Sure. Yes. We are certainly tracking it and they attributed about $800,000 to the quarter. .
Okay. Perfect. And then just last question for me.
What was the delta or the benefit of the lower performance based comp that you referenced in the quarter?.
Sure. So really a combination of incentives to -- our incentive accruals really for both our sales teams as well as our corporate teams. So unfortunately we are not hitting some of our overall top line plans and so we brought some of those accruals down in the quarter.
It would benefit in the third quarter I'd say versus a year ago was about $0.5 million versus the second quarter it was a couple hundred thousand dollar. So not dramatic, not huge dollars but it did impact the quarter from an overall operating income standpoint. .
If I could also add to that. One of the things that are sort of a core tenet of how we operate is deeply in alignment. So we are aligned on sales growth, all the executives in the company, it is a very large number of people out of next year down aligned around sales growth and growth in EBITDA.
And at this time last year we and I believe in the industry were little bit optimistic that 2016 was going to stabilize and get a better. That currently didn't materialize but at this time last year we were far more optimistic than it all turned out.
So it didn't feel like we had unreasonable goals and yet the market has been softer than any of us had anticipated and so with that commitment around alignment this is what happen when you miss even by a bit. .
And we will take our next question from Ryan Cieslak with KeyBanc Capital. Please go ahead..
Hey, good morning, guys. Nice quarter.
I wanted to just first dive a little bit back into the sales trends in the quarter and ask in a different way, is it fair to say that the way that the quarter ended that sales was better than your expectations? And then two, maybe talk a little bit about what you are seeing, it sounds like the commentaries certainly were the better than what you guys has sounded like in the past and I know there has been some fits and starts through the year but, Mike, is it fair to say that there is something that's different over the last couple of months that gives you greater confidence that at the very least we stabilize if not maybe starting to see some improvement?.
Let me comment on both parts. First, the question is it better than we had planned. At this point last year when we were doing the planning on the quarterly and monthly basis, I'd say it is not better than we planned. It is better than it had been previously but it was still below our aspirations the ones we set in November of 2015.
It just stabilizing of this lower level and improving slightly versus again 2015. Relative to what we are seeing out there, again it is kind of broad based with 70,000 customers we are still shipping to 30,000 unique ships to locations per month, so those trends are kind of the same.
What might be happening out there, again, lot of little incremental basis is the idea that just considering that we are a small quantity consumable business with even a little movement we start selling more line items albeit the number of the dollars per line item are still below where they had been in like 2014 and 2015 so for broad based. .
Yes. I'd just add to that Ryan that through the quarter and I'd say even sequentially within the quarter I comment earlier about some of the trends that we are seeing in the oil and gas segment. But also our Kent business continues to grow and really driven by the relationships that we have with many of our strategic customers.
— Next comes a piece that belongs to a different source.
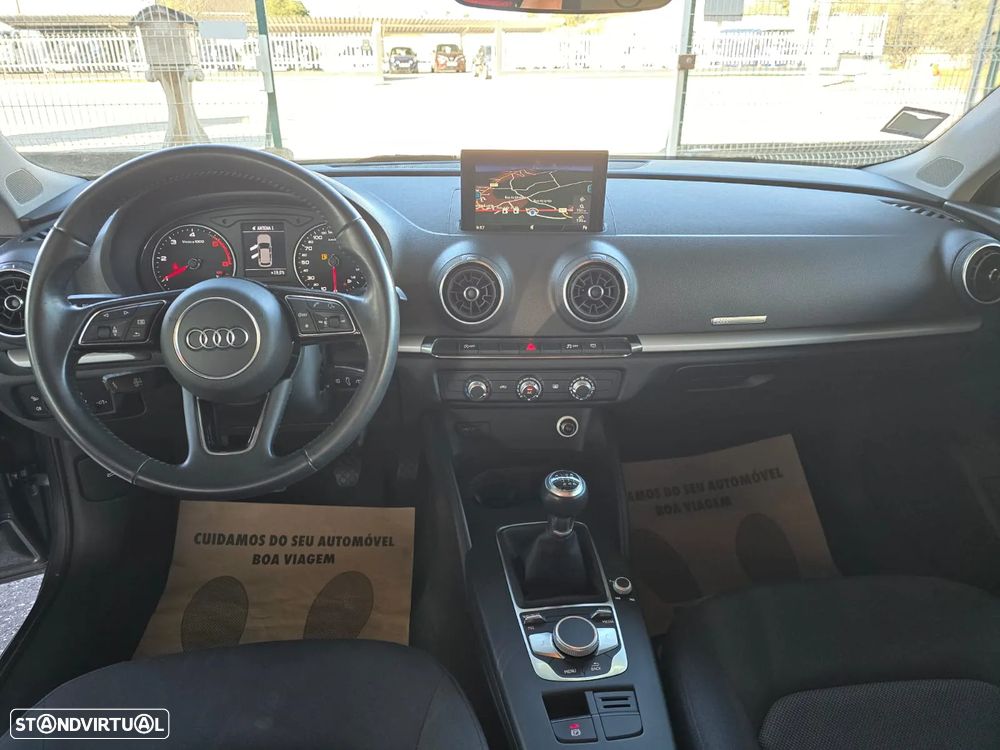 Audi A3 Sportback 30 TDI Design - 40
And then the other piece is our government business which we highlighted in our comments, is been positive as well. So in particularly in the state and local opportunities, it seems like we are continuing to make some nice penetration into those opportunities. .
Yes.
An example, we -- I think we mentioned that maybe one or two quarters ago a contract that we had signed a buying consortium at the state and municipal level, state and local level, and we are now servicing over 1,700 small municipalities and it could be something as simple as a small department of transportation with a couple of Paul trucks for the winter or lot of [library] or a police department so a net pick up for us of about almost 700 net new customers recently and more than 1,700 locations against these the small state and municipal contract.
And we fully expect that will continue to grow as we are able to offer more and more, when you think about the number of small state and local facilities out there across the US, there is a huge market potential for us. And little bit by little we are creeping more and more into that. .
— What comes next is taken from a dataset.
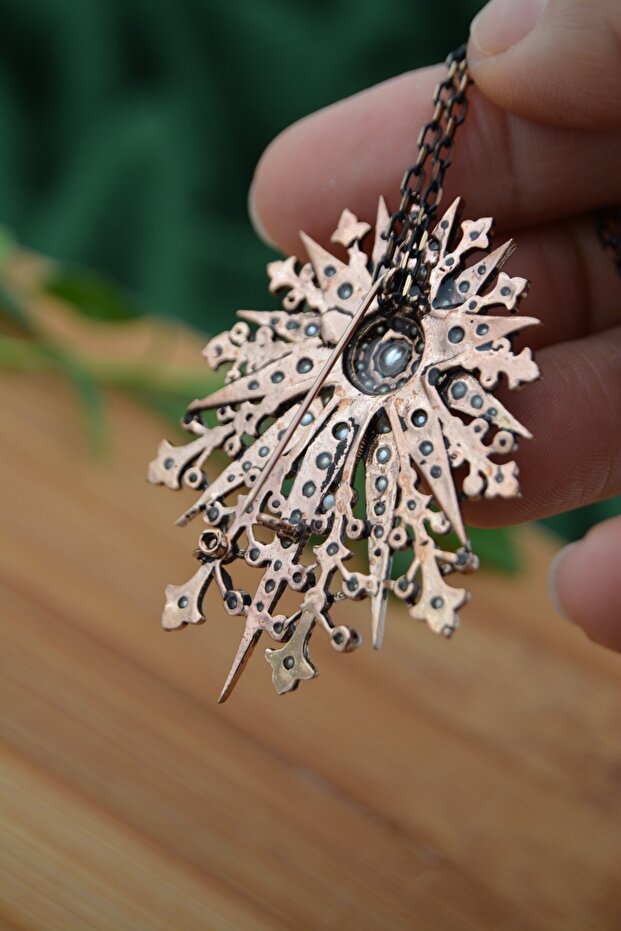 Pearl Design Both Brooch and Necklace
And Mike that's really good color.
Is it something different about the way you guys are approaching the government end markets right now or is it more just you are seeing incremental spending coming out of the local and state jurisdictions?.
I think it's more about focus than it is incremental spending.
Couple of years ago, four, five years ago more of our emphasis was on Department of Defense and at the federal level and now more of our emphasis, while we still have to pick up that business and we still worked toward that business but more of our business is focused far more distributed in every community.
So it has been a shift of focus but the primary answer is focus not fundamental spending. I think we are just able to do a better job of delivering our value proposition on an every week basis or every other week basis to that customer, the same as the small business customer that we service. .
And is there been any impact from Hurricane Mathew for you guys? I am not sure if how the exposure there in the South East would be or how do we think about that in entirety in October trend?.
If there is any impact it is negative. When the roads are flooded and customers can't get to their facilities, in the short term it was certainly not a positive.
I think over the longer term stuff has going to have to be repaired that was under water and some of that might have a positive impact but it recently very small negative not material negative but certainly not a positive.
By the way when Hurricane Sandy happened you would have thought that with all those cars under water that our Kent business would pick up a very big piece of incremental business. But that's not what happened. What happened was all those cars were turtled and not repaired.
So it is kind of grey area for us but not materially either negative or probably not positive. .
Okay. That's good color. The last one for me and then I'll hop back into the queue. Ron, I know you mentioned on the prepared remarks, the gross margins were down. I think you said half of that was related to the incremental freight expense.
One, is that right? And then two, did you quantify the specific inventory Canadian tax that you mentioned in the press release?.
Sure. So the impact on the increased cost into Canada really is the additional duties that we are required to pay for the quarters about a couple hundred thousand dollars that was a bit of catch up. So that's certainly -- we pay ongoing duties and so forth but the catch up piece of it was about 30 bips on the margin side.
And in the past we've said we feel pretty comfortable with our gross margins in the kind of 61-ish range and excluding that, that's pretty much right where we were at. .
Okay. And so the incremental freight expense is that separate from that in -- I know that's been seems like it has been in the numbers for a couple of quarters now.
How do we think about that into the fourth quarter and maybe also into next year?.
Yes. It is separate from the Canada dollar I just mentioned. And freight is always one of those areas that we manage very tightly relative to our ability to charge freight or pass freight along to some of our customers. It is nothing really new for us where we have some customers that like to see that freight as a separate line, others that do not.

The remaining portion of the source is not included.